The couple started looking for competitions to test themselves, and eventually found the call for the Bauhaus Campus 2021 which caught their eye.

When they first started working on the project, they asked themselves this question: How can we create the “new” Bauhaus and not just a revival of the “old” one? Their answer was to find inspiration in some exemplar buildings and architects of the past, but combine them into something new and unique that had their own signature imprinted on it. Keeping an industrial image seemed appropriate for a Bauhaus-related brief, so they found inspiration in some of the works from masters of high-tech architecture such as Rezo Piano, Richard Rogers or Norman Foster, but also in other figures such as Will Bruder or national architect Garcia Pardo and engineer Eladio Dieste, who’s building “El Pilar” led Alejandro and Romina to designing a radical structural solution for their building that the jury didn’t hesitate to applaud.

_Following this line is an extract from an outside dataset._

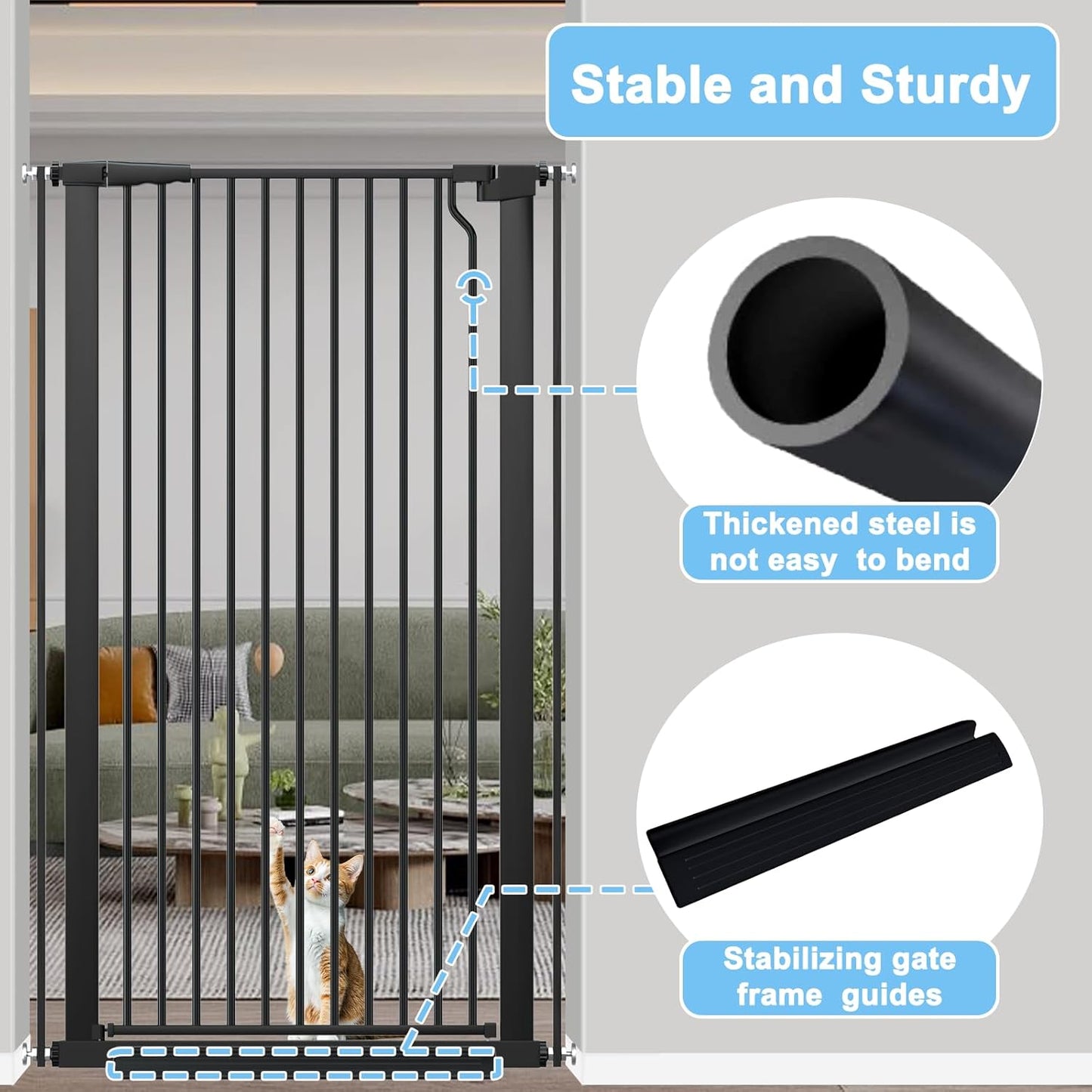 51.18" Extra Tall Cat Gate for Doorway,29.5"- 48.4" Wide Auto Close Tall Pet Gate No Drilling Pressure Mounted for Hallway Kitchen,Black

Alejandro and Romina knew they wanted their project to add value not only to the people inside the campus, but also to the city. They designed a single building capable of creating a long-lasting memorable image from the outside, but flexible enough on the inside, so that the interior spaces could adapt and evolve together with the people using them. So far they were making good progress, but both having a strong background in urban design it didn’t seem like the campus was doing quite enough for the community as it was. That’s when they started looking outside of the boundaries of the proposed site. The old Bauhaus building by Walter Gropius was on the other side of the train tracks, and sitting right next the proposed site was an abandoned lot with a relatively high brick building, which was the only reminder of the site’s old industrial history.

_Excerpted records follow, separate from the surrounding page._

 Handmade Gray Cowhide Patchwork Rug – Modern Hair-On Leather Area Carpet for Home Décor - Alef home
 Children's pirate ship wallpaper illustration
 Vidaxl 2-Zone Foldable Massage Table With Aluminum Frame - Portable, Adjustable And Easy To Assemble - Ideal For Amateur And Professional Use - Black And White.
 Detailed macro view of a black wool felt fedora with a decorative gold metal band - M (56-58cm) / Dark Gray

Extending their project beyond the proposed area could mean getting disqualified right away, but not doing so could also mean missing on a great opportunity to have a meaningful impact in Dessau at an urban and social scale. They evaluated the pros and cons and decided to take the risk. After all, if you only looked at their project within the proposed site boundaries everything made sense, and their ideas beyond those boundaries were only adding value, without compromising the project. As it turns out the jury agreed with them!

Alejandro and Romina had worked together before as part of larger groups, but never the two of them alone, so they didn’t quite know how to go about it. They worked on most of the project together, even modeled the 3D file, where most of the presentation came out from, in tandem, and only divided the work a little bit towards the end, when Romina took on the rendering and Alejandro the postproduction. The truth is there is no magic recipe for architects working in teams, let alone couples, but this seems to have worked for them.

Of course, winning the competition helps make everything look brighter, but they both agree that regardless of the result their personal experience was a success. As Alejandro said himself during out interview “Even when you think you are a good student you always wonder, will I be a good architect?”. By participating in this competition, they were not only reassured of their capabilities as future architects, but also found that they could work very well together.

Who knows the future path this couple will decide to follow, or if Alejandro and Romina could be next on the list of architect couples sharing both their personal and professional lives… but one thing is for sure, we’ll definitely be keeping an eye on their future work!